Dataset section —
[Start of section]

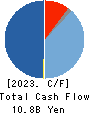 IDOM Inc. Cash Flow Statement 2023年2月期
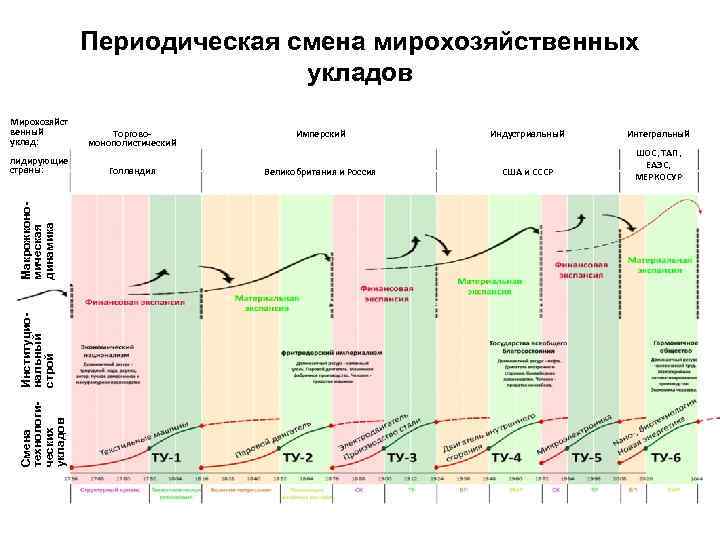Периодическая смена мирохозяйственных укладов Торговомонополистический Имперский лидирующие страны: Голландия Великобритания и Россия Смена технологических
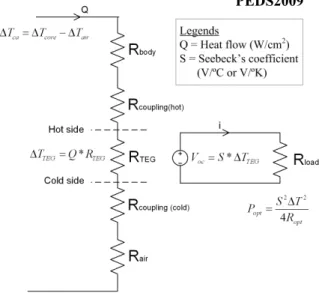 Fig. 5. Thermal analysis of the thermoelectric generator (TEG)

[End of section]

From the line holding "Периодическая смена мирохозяйственных" to the last line of the listing, please output each line exactly as it stands. Pictures stay out of the copy.

Solution to the exercise —
Периодическая смена мирохозяйственных укладов Торговомонополистический Имперский лидирующие страны: Голландия Великобритания и Россия Смена технологических
 Fig. 5. Thermal analysis of the thermoelectric generator (TEG)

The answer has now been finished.